American real estate entrepreneur (1939–2022)

Lawrence David Ackman (April 29, 1939 – May 31, 2022) was an American real estate entrepreneur who led the Ackman-Ziff Real Estate Group, a company founded by his father and uncle. Ackman is noted for playing a role in the development of the mortgage brokerage industry. His son Bill Ackman is a billionaire hedge-fund mogul.

== Early life and education ==
Lawrence David Ackman was born on April 29, 1939, in New York City to Herman and Jean (Miller) Ackman. His paternal grandfather, Abraham Ackman immigrated to the United States from Russia in 1887. Ackman was raised in Manhattan and the Bronx; he attended the Riverdale Country School, graduating in 1956. Ackman attended Brown University for his undergraduate studies, majoring in economics. He completed his MBA in finance at Harvard Business School in 1963.

== Career ==
During his career, Ackman arranged financing for Seymour Durst, Friedland Properties, and Harry Helmsley, among other clients.
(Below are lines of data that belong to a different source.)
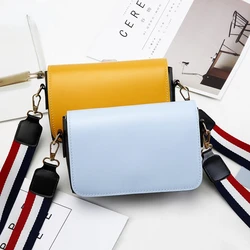 New Fashion Women's Bag Shoulder Strap Messenger Small Shoulder Bag Simple Small Square Bag Pu Leather Designer Bags Luxury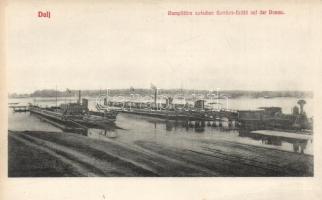 Dálya steam ferry with train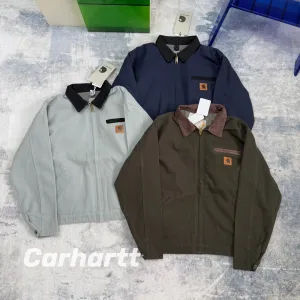 Designer Carhartt Coat Green Cotton Polyester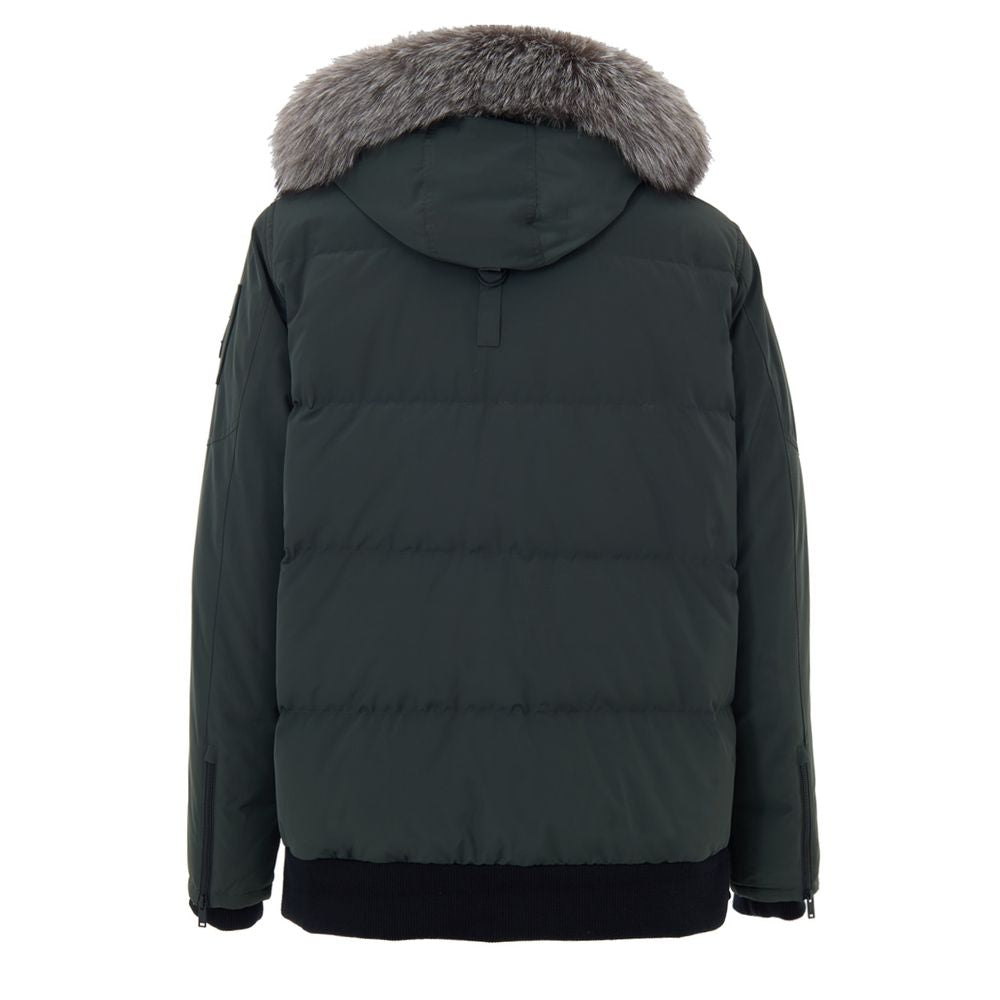 Moose Knuckles Green Nylon Parka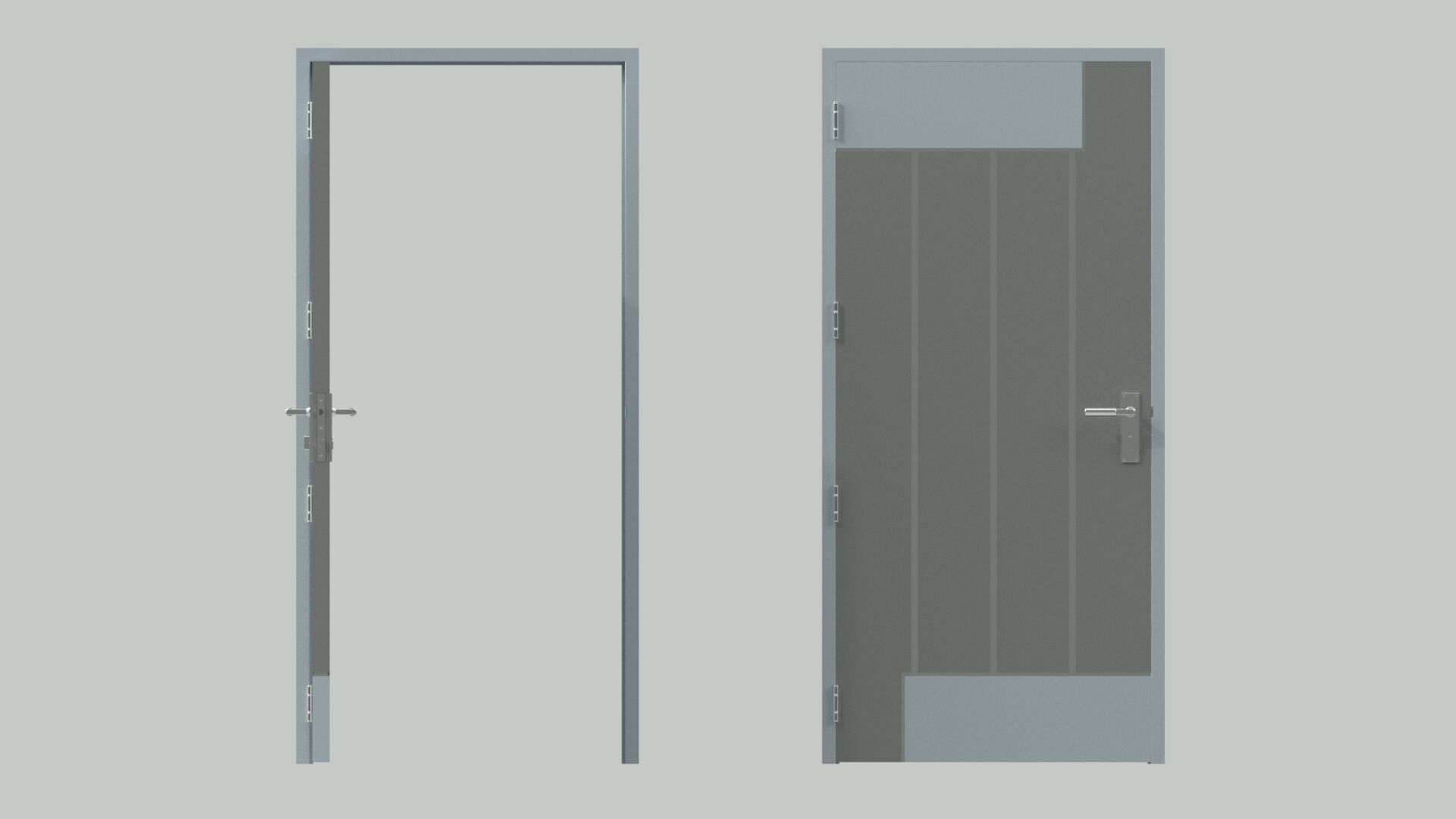 Door sets 5 3D model_8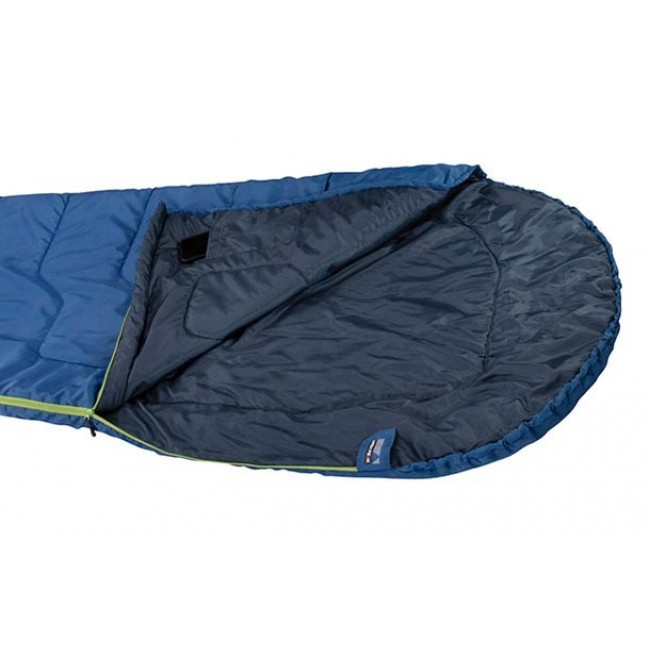 High Peak Easy Travel Semi-rectangular sleeping bag Polyester Blue 20090 High Peak Easy Travel Semi-rectangular sleeping bag Polyester Blue 20090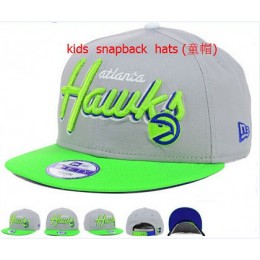 Kids Atlanta Hawks Snapback Hat 60D 140802 6 Snapback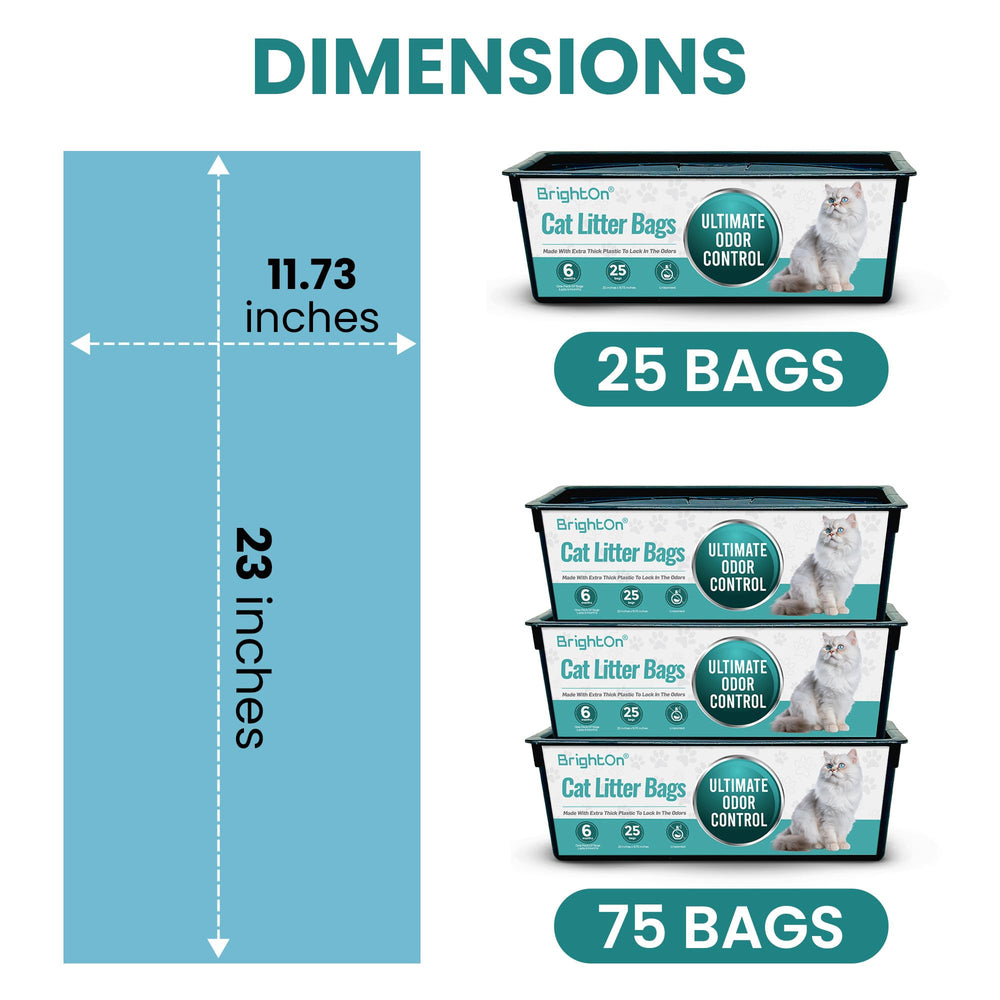 BrightOn unscented bags help maintain fresh litter without added fragrances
In the 1990s, Ackman worked to finance the redevelopment of a property on Manhattan's Ninth Avenue, which now houses Chelsea Market.

Ackman became president of the Ackman-Ziff Real Estate Group in 1968 and the company's CEO in 1977.

== Personal life ==
Ackman sat on the board of the New York Philharmonic and served as Chairman of the Pershing Square Foundation.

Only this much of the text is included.